PHNOM PENH, Cambodia: Cambodian officials on Friday received more than six dozen historic artifacts described as part of the country’s cultural heritage that had been looted during decades of war and instability.
At a ceremony attended by Deputy Prime Minister Hun Many, the 74 items were unveiled at the National Museum in Phnom Penh after their repatriation from the United Kingdom.
The objects were returned under a 2020 agreement between the Ministry of Culture and Fine Arts and the family of the late Douglas Latchford, a British art collector and dealer who allegedly had the items smuggled out of Cambodia.

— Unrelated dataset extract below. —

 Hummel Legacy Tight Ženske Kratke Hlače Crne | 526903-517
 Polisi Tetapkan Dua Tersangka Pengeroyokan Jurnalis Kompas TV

“This substantial restitution represents one of the most important returns of Khmer cultural heritage in recent years, following major repatriations in 2021 and 2023 from the same collection,” the Culture Ministry said in a statement. “It marks a significant step forward in Cambodia’s continued efforts to recover, preserve, and restore its ancestral legacy for future generations.”
The artifacts were described as dating from the pre-Angkorian period through the height of the Angkor Empire, including “monumental sandstone sculptures, refined bronze works, and significant ritual objects.” The Angkor Empire, which extended from the ninth to the 15th century, is best known for the Angkor Wat archaeological site, the nation’s biggest tourist attraction.
Latchford was a prominent antiquities dealer who allegedly orchestrated an operation to sell looted Cambodian sculptures on the international market.
From 1970 to the 1980s, during Cambodia’s civil wars and the communist Khmer Rouge ‘s brutal reign, organized looting networks sent artifacts to Latchford, who then sold them to Western collectors, dealers, and institutions. These pieces were often physically damaged, having been pried off temple walls or other structures by the looters.
Latchford was indicted in a New York federal court in 2019 on charges including wire fraud and conspiracy. He died in 2020, aged 88, before he could be extradited to face charges.
Cambodia, like neighboring Thailand, has benefited from a trend in recent decades involving the repatriation of art and archaeological treasures. These include ancient Asian artworks as well as pieces lost or stolen during turmoil in places such as Syria, Iraq and Nazi-occupied Europe. New York’s Metropolitan Museum of Art is one of the prominent institutions that has been returning illegally smuggled art, including to Cambodia.
“The ancient artifacts created and preserved by our ancestors are now being returned to Cambodia, bringing warmth and joy, following the country’s return to peace,” said Hun Many, who is the younger brother of Prime Minister Hun Manet.